■ **WORK INSTRUCTIONS**:
What you write must match, character for character, the lines from the one with "Winter Women Pompom" down to the one with "Acne Studios 19AW" in the listing below, minus its pictures.

■ **INFORMATION SUPPLIED**:
┄┄┄┄┄┄┄┄┄┄
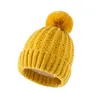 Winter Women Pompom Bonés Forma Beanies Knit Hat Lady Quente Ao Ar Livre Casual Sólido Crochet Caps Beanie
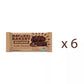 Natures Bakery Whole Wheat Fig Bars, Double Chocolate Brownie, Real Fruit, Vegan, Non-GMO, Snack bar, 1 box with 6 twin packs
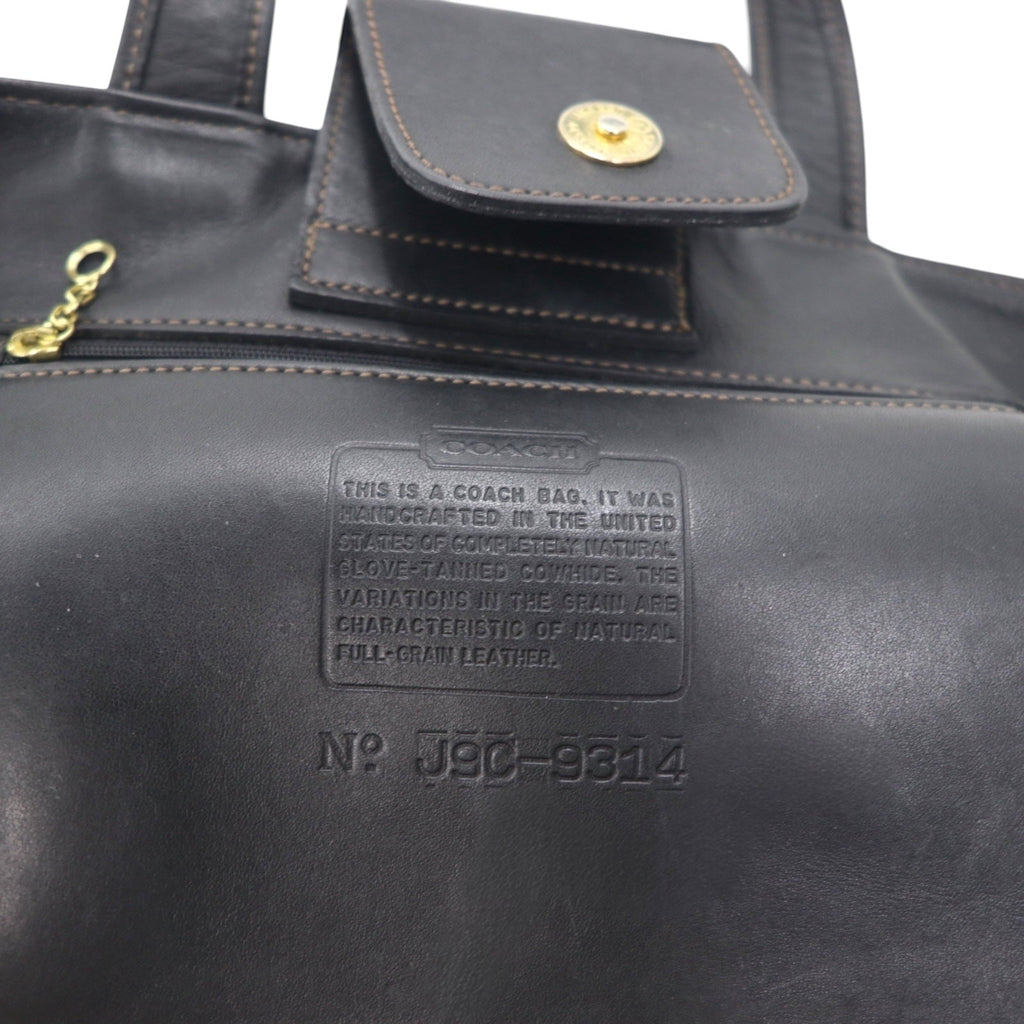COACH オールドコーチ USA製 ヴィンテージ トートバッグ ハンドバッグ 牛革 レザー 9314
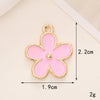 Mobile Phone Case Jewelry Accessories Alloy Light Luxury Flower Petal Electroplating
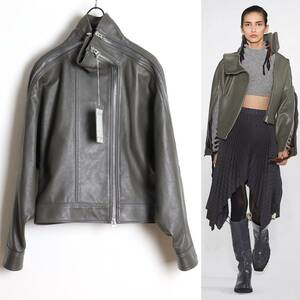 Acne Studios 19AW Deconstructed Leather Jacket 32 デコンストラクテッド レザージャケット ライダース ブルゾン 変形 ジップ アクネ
┄┄┄┄┄┄┄┄┄┄
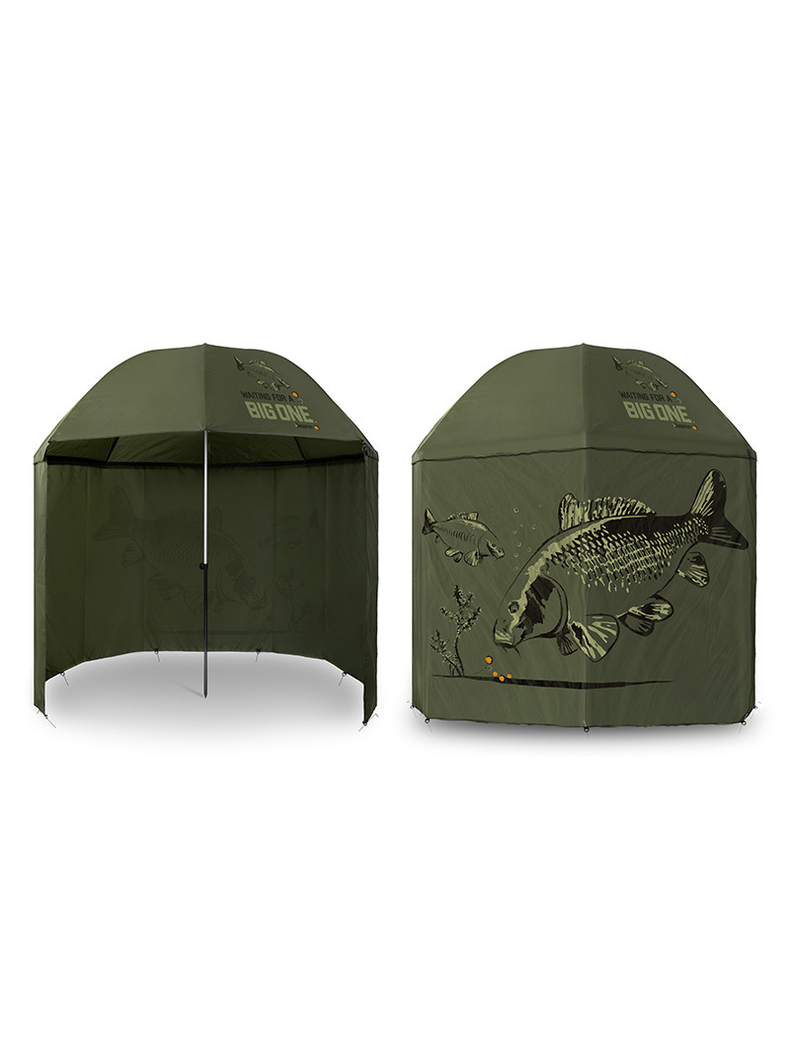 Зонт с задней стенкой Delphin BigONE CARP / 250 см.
┄┄┄┄┄┄┄┄┄┄
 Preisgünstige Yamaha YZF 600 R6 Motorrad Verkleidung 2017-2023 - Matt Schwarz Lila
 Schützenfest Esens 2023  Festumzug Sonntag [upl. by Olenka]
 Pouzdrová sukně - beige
┄┄┄┄┄┄┄┄┄┄
■ **COMPLETED TASK**:
 Winter Women Pompom Bonés Forma Beanies Knit Hat Lady Quente Ao Ar Livre Casual Sólido Crochet Caps Beanie
 Natures Bakery Whole Wheat Fig Bars, Double Chocolate Brownie, Real Fruit, Vegan, Non-GMO, Snack bar, 1 box with 6 twin packs
COACH オールドコーチ USA製 ヴィンテージ トートバッグ ハンドバッグ 牛革 レザー 9314
 Mobile Phone Case Jewelry Accessories Alloy Light Luxury Flower Petal Electroplating
 Acne Studios 19AW Deconstructed Leather Jacket 32 デコンストラクテッド レザージャケット ライダース ブルゾン 変形 ジップ アクネ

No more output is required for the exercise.